John Garlington

No. 50
- Position: Linebacker

Personal information
- Born: June 5, 1946 Jonesboro, Louisiana, U.S.
- Died: February 10, 2000 (aged 53) Mill Creek, Louisiana, U.S.
- Listed height: 6 ft 1 in (1.85 m)
- Listed weight: 218 lb (99 kg)

Career information
- High school: Jonesboro-Hodge
- College: LSU
- NFL draft: 1968: 2nd round, 47th overall pick

Career history
- Cleveland Browns (1968–1977);

Awards and highlights
- First-team All-American (1967); 2× First-team All-SEC (1966, 1967);

Career NFL statistics
- Fumble recoveries: 8
- Interceptions: 9
- Sacks: 7
- Stats at Pro Football Reference

= John Garlington =

American football player (1946–2000)

John M. Garlington (June 5, 1946 – February 10, 2000) was an American professional football linebacker who played for the Cleveland Browns of the National Football League (NFL).

==Early life==
Garlington was born in Jonesboro, Louisiana and graduated from Jonesboro-Hodge High School in Jonesboro. in 1964. He was a star college athlete at Louisiana State University.
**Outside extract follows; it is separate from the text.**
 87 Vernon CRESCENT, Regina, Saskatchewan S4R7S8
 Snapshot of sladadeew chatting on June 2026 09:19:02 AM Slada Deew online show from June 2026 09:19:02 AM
At LSU, he was a 1967 Kodak/American Football Coaches Association All-American pick. He was also a First-team All-SEC pick in 1966 by the Associated Press and in 1967 by both the AP and United Press International. He was described as an "Incredible athlete whose talents typified his play and teamwork. Had excellent speed and lateral pursuit. Opponents were timid when it came to attacking his side of the defensive line. Even with his size, he was a speed merchant. In the 1966 Rice encounter, John picked off an errant pass and returned it 42 yards for a touchdown."

== Professional career==
Garlington was drafted by the Cleveland Browns in the second round (47th overall) of the 1968 NFL/AFL draft. He played ten seasons with the Cleveland Browns, from 1968 until 1977.

==Law enforcement career==
After leaving professional football, Garlington worked, from 1986, as a Wildlife Enforcement Agent (game warden) with the Louisiana Department of Wildlife & Fisheries - Enforcement Division. He was promoted to the rank of Captain, in 1998, and was the commander of the department's Region 1 office near Shreveport, Louisiana. Prior to assuming command of Region 1, Garlington held the rank of Sergeant, and was assigned to the department's Statewide Strike Force. Garlington died in the line of duty, from drowning, while investigating a poaching complaint near his home on the Mill Creek Reservoir near Saline, LA in Bienville Parish. He had been on the force for 14 years. Garlington was survived by his wife Karon Garlington, and son Seth Garlington.

He is buried at the Ebenezer Cemetery off Louisiana Highway 508 in Bienville Parish. His son, Jonesboro police officer John Moses Garlington, was interred at this same cemetery in the spring of 1994.